気が付けば、俺は上半身裸で、李知さんは上着、ネクタイ、靴下と脱衣済み。
更に、この勝負。
酒呑童子への、李知さんの、振り込み。
「ふ、ふははははは、ついに、ついに来た!」
ちなみに、初勝利な。
途中から鬼兵衛がマジになったから李知さんに多少のダメージがあっただけだ。
ちなみにそこの調子に乗った赤鬼の負け数は俺や李知さんの二倍。
だが、執念の末、こいつは李知さんを窮地に陥れたわけである。
「さあ、ブラウスのボタンをぷちぷちと外せええい!!」
赤くなり、両腕で自信を抱きしめるようにして震える李知さん。
あー、こりゃまずいだろ。
赤鬼も、テンションがおかしくなってるっつの。
あー、こりゃもう止めるしかねえかなー。
と、思っていると。
「なにやってんの! あんた!!」
乱入者突入。
「な、茨木ぃ!?」
ここで言うセリフは一つ。
「女房きたー」
虎のビキニななかなかアレな美人がやってきて、ギリギリと酒呑童子を締め上げる。
「あんたって奴は! パワーハラスメントもいい加減にしな!!こんな可愛い子まで虐めて!!」
パンチパンチ、キック、そこに右のジャブ。
怯んだそこだ、左ストレートだぁ。
……。
帰るか。
俺は落ちていた李知さんの上着やら靴下やらを掴んで、渡す。
「あ、薬師…? 私にはもう何がどうなってるんだか……」
いまいち意味がわからず茫然とする李知さん。
大丈夫。
「俺もわからん」
全裸の鬼が、ビキニのお姉さんにぼこぼこにされる画を理解できる奴は今すぐ出てきなさい。
怒らないから。
ともあれ。
俺は李知さんとともに外に出ることにした。
会計?
あとは任せるよ。
「はー、疲れたな、おい」
俺の言葉に、李知さんが苦笑いする。
「そうだな…」
既に辺りは暗く、冷たい風が熱気を冷ましてくれた。
「李知さんや。寒くねーの?」
そう言って、聞く。
李知さんは、上着は着ているが、ブラウスの首に近いボタンは、先ほどのまま閉まっておらず。
冷たい夜風が吹きこみそうに見える。
だというのに、李知さんは顔を真っ赤にした。
「どした?」
「お、お前は」
怪訝に思って聞くと、詰まりながらも、李知さんは言う。
「お前は、ああいうの、好きなのか?」
「ああいうの?」
麻雀は嫌いじゃないが、質問は違うらしい。
「私は……、負けたのに脱がなかっただろう? お前は……、その、あれだ。そういう事が好きなのか?」
要するに、貴方はエロガキですか、と。
……、どうなんだろうな。
「うーむ、S心としては、お前さんが涙目で脱いでくれる方が良かったんだが――、普通にお前さんが見られて泣かなくてよかったと思う訳で。だがしかし、自分がいじめるから嬉しいのであって、酒呑が――」
ぶっちゃけると性欲が感じられない以上は女の裸体に興味はない。
ある意味、望んで見せてくれる、というのならそれは性欲の対象ではなく、愛の証拠としてそれは嬉しいことではあるかも知れんが。

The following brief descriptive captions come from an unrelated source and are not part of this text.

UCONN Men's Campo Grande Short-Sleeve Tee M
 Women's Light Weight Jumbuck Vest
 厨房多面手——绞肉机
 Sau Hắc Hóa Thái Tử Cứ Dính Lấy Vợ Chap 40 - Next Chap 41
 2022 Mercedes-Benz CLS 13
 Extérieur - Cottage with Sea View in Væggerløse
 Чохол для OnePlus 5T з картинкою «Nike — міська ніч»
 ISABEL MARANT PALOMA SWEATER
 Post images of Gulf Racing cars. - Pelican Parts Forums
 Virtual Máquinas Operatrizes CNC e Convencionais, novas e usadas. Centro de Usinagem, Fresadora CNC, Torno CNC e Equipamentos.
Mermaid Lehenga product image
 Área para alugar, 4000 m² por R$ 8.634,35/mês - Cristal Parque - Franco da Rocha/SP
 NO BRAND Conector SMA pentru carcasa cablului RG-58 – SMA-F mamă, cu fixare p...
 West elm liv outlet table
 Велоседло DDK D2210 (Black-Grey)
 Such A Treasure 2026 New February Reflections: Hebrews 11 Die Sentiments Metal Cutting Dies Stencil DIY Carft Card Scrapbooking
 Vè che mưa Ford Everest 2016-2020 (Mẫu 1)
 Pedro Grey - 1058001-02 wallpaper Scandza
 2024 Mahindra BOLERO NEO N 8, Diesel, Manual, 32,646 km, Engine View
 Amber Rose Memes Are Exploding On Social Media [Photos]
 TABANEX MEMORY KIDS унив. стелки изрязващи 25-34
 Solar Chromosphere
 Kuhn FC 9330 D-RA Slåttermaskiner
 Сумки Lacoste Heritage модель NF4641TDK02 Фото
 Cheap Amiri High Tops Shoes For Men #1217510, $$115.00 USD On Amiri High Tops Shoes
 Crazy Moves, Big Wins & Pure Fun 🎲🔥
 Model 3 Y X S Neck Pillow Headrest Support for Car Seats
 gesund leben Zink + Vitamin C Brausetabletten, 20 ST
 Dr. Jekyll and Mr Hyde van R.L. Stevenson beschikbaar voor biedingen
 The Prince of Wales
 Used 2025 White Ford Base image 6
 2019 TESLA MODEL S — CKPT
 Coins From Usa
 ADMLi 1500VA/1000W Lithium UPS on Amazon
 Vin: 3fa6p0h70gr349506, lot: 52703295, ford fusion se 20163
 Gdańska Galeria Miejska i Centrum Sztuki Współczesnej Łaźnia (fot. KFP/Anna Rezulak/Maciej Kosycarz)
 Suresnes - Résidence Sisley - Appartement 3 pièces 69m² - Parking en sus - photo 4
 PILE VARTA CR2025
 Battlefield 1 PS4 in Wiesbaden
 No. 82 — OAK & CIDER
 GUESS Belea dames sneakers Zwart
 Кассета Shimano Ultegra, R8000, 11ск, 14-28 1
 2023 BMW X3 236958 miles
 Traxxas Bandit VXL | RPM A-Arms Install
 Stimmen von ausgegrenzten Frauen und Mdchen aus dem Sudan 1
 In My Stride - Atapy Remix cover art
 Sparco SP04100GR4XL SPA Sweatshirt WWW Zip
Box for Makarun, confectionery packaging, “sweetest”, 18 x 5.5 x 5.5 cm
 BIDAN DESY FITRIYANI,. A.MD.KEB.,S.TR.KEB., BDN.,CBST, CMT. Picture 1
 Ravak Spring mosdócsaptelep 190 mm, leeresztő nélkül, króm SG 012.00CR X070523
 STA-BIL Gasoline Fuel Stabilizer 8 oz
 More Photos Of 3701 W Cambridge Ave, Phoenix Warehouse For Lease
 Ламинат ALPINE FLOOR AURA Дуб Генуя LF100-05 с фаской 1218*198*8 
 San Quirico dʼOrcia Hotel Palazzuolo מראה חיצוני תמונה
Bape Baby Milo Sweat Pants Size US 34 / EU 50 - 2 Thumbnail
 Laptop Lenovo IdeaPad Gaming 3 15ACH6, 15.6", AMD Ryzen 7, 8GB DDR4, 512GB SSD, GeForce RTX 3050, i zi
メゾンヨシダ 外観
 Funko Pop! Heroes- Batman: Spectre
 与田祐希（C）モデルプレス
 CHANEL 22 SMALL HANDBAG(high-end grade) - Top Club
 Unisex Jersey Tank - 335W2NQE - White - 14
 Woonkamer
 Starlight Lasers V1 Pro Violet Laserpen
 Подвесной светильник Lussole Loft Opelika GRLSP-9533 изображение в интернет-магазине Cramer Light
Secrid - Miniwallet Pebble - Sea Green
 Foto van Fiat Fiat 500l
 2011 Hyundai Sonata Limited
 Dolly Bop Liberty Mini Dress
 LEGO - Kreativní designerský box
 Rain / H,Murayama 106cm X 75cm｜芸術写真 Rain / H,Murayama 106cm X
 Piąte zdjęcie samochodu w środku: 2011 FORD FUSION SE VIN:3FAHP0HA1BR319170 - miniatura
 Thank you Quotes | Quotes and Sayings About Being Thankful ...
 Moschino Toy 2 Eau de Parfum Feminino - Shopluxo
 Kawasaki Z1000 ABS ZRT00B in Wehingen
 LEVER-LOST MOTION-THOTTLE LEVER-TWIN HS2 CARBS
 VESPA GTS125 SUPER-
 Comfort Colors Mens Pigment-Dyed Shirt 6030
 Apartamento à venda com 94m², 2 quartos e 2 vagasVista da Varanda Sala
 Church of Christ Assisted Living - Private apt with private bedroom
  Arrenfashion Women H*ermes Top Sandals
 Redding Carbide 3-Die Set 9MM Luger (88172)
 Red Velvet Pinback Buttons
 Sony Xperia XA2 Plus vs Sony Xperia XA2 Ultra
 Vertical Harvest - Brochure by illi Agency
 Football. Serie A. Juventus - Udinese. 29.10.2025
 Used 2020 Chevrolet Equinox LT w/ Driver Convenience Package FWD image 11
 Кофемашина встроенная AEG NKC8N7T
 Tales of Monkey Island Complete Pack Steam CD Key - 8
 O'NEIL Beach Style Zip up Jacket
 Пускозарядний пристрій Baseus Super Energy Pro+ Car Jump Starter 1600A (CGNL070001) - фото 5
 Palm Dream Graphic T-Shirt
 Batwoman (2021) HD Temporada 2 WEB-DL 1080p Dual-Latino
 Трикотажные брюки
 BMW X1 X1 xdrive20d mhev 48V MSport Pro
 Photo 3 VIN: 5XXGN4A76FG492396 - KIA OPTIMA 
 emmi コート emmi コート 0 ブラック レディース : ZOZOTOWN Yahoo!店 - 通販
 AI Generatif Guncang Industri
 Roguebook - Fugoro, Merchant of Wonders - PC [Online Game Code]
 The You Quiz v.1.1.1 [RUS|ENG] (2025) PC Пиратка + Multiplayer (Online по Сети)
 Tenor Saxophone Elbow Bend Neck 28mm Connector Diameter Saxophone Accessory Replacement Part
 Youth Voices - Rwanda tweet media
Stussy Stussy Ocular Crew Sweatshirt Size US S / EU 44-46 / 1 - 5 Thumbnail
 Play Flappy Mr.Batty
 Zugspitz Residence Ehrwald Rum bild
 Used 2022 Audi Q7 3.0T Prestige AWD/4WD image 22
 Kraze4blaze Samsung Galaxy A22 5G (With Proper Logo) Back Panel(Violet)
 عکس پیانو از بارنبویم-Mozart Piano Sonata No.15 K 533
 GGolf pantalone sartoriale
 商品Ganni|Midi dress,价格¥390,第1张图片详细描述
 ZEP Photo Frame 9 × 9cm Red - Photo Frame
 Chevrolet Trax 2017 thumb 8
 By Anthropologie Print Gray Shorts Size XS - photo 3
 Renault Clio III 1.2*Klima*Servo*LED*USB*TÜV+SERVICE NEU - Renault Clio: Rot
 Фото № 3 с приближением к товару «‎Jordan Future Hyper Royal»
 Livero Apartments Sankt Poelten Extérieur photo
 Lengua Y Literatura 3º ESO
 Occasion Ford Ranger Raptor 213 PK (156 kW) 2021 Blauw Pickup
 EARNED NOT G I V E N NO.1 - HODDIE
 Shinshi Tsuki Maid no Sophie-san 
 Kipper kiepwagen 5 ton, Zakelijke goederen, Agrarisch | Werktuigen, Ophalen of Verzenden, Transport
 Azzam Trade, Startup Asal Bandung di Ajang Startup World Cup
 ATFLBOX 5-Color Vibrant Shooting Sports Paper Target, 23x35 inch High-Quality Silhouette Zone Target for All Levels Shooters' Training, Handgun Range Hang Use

などと考えていると、李知さんは今にも煙を出しそうなほど真っ赤になって――。
「はっきりしろぉーーー!!」
ブラウスを両手でつかみ、ぶち、っと。
「って、うおおお、おい!? 正気に、正気に戻れ!」
道端でいきなりブラウスの前を全開にする李知さん。
「なあ、うれしいか? 薬師、嬉しいか……!?」
思い詰めると暴走するのはわかっていたが――。
テンパり過ぎだろ!
「それで迫るな。お前さんの色々な大事な部分が失われる」
できるだけ冷静に返す。
すると、李知さんも大分冷静になってきたようで。
「あ、ああ。すまない、ちょっと冷静に――、っーーーー!!」
李知さんが声にならない声を上げ、
「見るなぁあああ!」
拳が唸る。
グーで顔面を殴られるとは思ってなかったぜ。
「で、落ち着いたか?」
「あ、ああ」
やっとこさ落ちついた李知さんと俺は、ゆっくりと道を歩いていた。
「もう、ここでいい」
「いや、送ってく。その格好は危ない」
だが、李知さんは肯かない。
「私は鬼だぞ? そんじょそこらの人間には負けない」
そう言った李知さんに、俺は真顔で言う。
「手が使えないのに?」
李知さんは、今、ブラウスの前側の両端を掴み、その手を交差させるようにしてブラウスの中身を隠している。
放したら、ご開帳。
俺の言葉に、李知さんは反論できず、
「うー……」
唸る。
「ほれほれ。帰るぞ」
俺は李知さんを伴って、ゆっくりと歩き続けた。
「な、なあ……、さっき、うれしかったか?」
「ん? あー……、あんなのより」
「あんなのより…?」
「李知さんがこうやって一緒に帰ってくれてる方が嬉しいぞ?」
「……そうか。そうだな! ほら、薬師、遅いぞ!?」
「へいへい」
李知さんは急に子供っぽくなるな。
まあ、そこが可愛いっちゃ可愛いんだが。
そんなことを思いつつ、まるでスキップでもしそうな雰囲気で俺の前を歩く李知さんを、俺は追いかける。
ともあれ、今日の河原も相変わらず平和である。
―――
其の二十九。
なんとなく麻雀。
しかも脱衣。
しかし地獄。
では返信。
ちなみに前回の返信は番外之三でございまする。
ねこ様
そろそろ、皆ダークフォースの出現に気が付いたころ。
家族登録の実効力や有用性を理解した閻魔は職権乱用により薬師との家族登録を――。
という話は置いておいて。
思うに、肉じゃがは、男の私でさえそれなりのものができるような料理。
という事は、肉じゃがが得意と言うのは、料理を知らないハッタリか、果てしなく上手い肉じゃがを作れるかのどちらかかと。
ハクコウ様
短編からわざわざどうもっす。
別に一夫多妻しろとは言ってませんが、家族はたくさんいてもいいよね、という話はあったりなかったり。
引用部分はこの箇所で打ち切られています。